Riccione, al via i lavori al ponte sul Marano: chiuso viale D’Annunzio

Traffico deviato e percorsi alternativi: investimento da 2,5 milioni per un’opera più sicura ed efficiente

A cura di Grazia Antonioli Redazione
07 gennaio 2026 10:45
Riccione, al via i lavori al ponte sul Marano: chiuso viale D’Annunzio - Repertorio
Repertorio
Condividi

Entrano ufficialmente nel vivo oggi i lavori per il rifacimento del ponte sul Marano in viale D’Annunzio. Come annunciato nei giorni scorsi, a partire da questa mattina sono operative le modifiche alla viabilità necessarie per consentire la demolizione della vecchia struttura e la successiva costruzione del nuovo ponte, un’opera strategica - per una spesa di due milioni e mezzo di euro - che garantirà standard di sicurezza ed efficienza nettamente superiori per il collegamento tra Riccione e Rimini.
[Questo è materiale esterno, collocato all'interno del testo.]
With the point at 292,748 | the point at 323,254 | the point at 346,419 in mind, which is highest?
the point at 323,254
Da oggi, il transito veicolare su viale D’Annunzio è interdetto nel tratto compreso tra viale Rucellai e viale Guerrazzi. Per quanto riguarda il traffico pesante, la circolazione è consentita su viale Angeloni e viale Verdi, assi stradali che restano dunque a disposizione per garantire il flusso dei mezzi.

Per minimizzare l'impatto sul traffico cittadino complessivo, sono stati predisposti percorsi alternativi segnalati sul posto. Chi proviene da Rimini con direzione Cattolica è obbligato alla deviazione su viale Angeloni, proseguendo poi lungo viale Aosta e proseguendo in viale Portofino. Al contrario, per chi viaggia da Cattolica verso Rimini, i percorsi indicati prevedono il passaggio su viale Verdi o viale Tassoni. Per raggiungere la zona a mare della ferrovia, l’amministrazione consiglia l'utilizzo di viale Verdi, viale Cavalcanti e viale Angeloni.

Anche la mobilità dolce subisce variazioni: pedoni e ciclisti potranno bypassare il cantiere utilizzando l’asse viale Rucellai - viale Giacosa - viale Guerrazzi (transitando sul ponte di legno di viale Gozzano) per chi procede verso sud, e il percorso inverso per chi si dirige verso Rimini.

L’amministrazione comunale invita i cittadini e i pendolari alla massima attenzione verso la segnaletica temporanea e alla collaborazione per facilitare il regolare svolgimento delle operazioni. L’obiettivo resta la consegna, entro la primavera 2026, di un’infrastruttura moderna e sicura, progettata secondo i più avanzati requisiti statici e antisismici.